However, the road to becoming a corporate house is long and arduous, and if there is an opportunity along the way to establish your presence, why not take it? This is precisely the thinking being adopted by many start-ups in India now to withstand the many changes in the external environment and become a well-oiled self-sustaining business operation at every stage of growth

Start-ups are founded on the premise of providing solutions to market demand where gaps exist and creating markets for accessible solutions. This premise makes the advantages for a collaboration with corporates abundantly clear: partner with a market leader who has no dearth of capital or resources.

Whether you are a start-up or a corporate, innovation and new markets are key, and start-ups can offer corporate these avenues. Collaboration can take on multiple forms — a direct client-service provider relationship, a structured programme with many start-ups on the same problem, providing grants to relevant start-ups, etc.

For corporates, collaborating with start-ups helps them navigate an ever-changing landscape and try out newer business models while their own proven business models may not have yielded desired results. Such partnerships also help them explore newer solutions on a smaller scale, maintain their leadership position, and also offers them the competitive edge by partnering with the innovation leader in their sector. 

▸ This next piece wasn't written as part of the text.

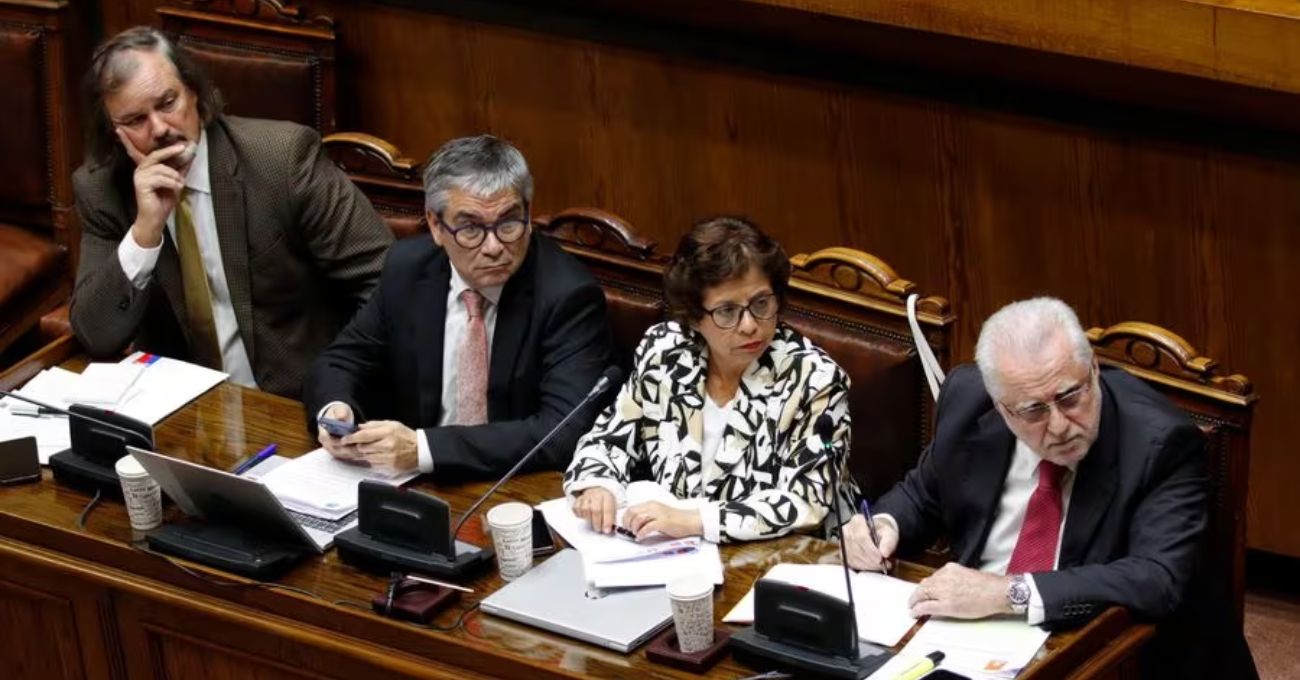 Gobierno y Codelco enfrentan cuestionamientos transversales de senadores al acuerdo con SQM por el salar de Atacama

Market leaders such as M&M, Unilever, Viacom, Axis Bank and HDFC Bank have already been working with a number of start-ups under different arrangements or programmes. For example, M&M has partnered with Ola and Scoot Networks (US-based).

M&M will provide 40,000 cars over two years to Ola, which means lower acquisition costs and expedited scaling up, whereas, for M&M, Ola offers the competitive edge to stay close to the market disruptor. Tata Motors has also partnered with a couple of start-ups such as Mobiliya and MapMyIndia. YES

Bank has partnered with wallet start-up, Phone Pe, a Flipkart company, opening itself up to the 70 million plus customers of Flipkart and associated companies. Speaking of structured programmes, HDFC Bank chose some 30 odd start-ups from a bunch of 105 to offer market-linked innovative solutions in marketing, quality assurances, and payments, sparking an ‘Appathon’ from rival ICICI Bank to source fintech partners as well.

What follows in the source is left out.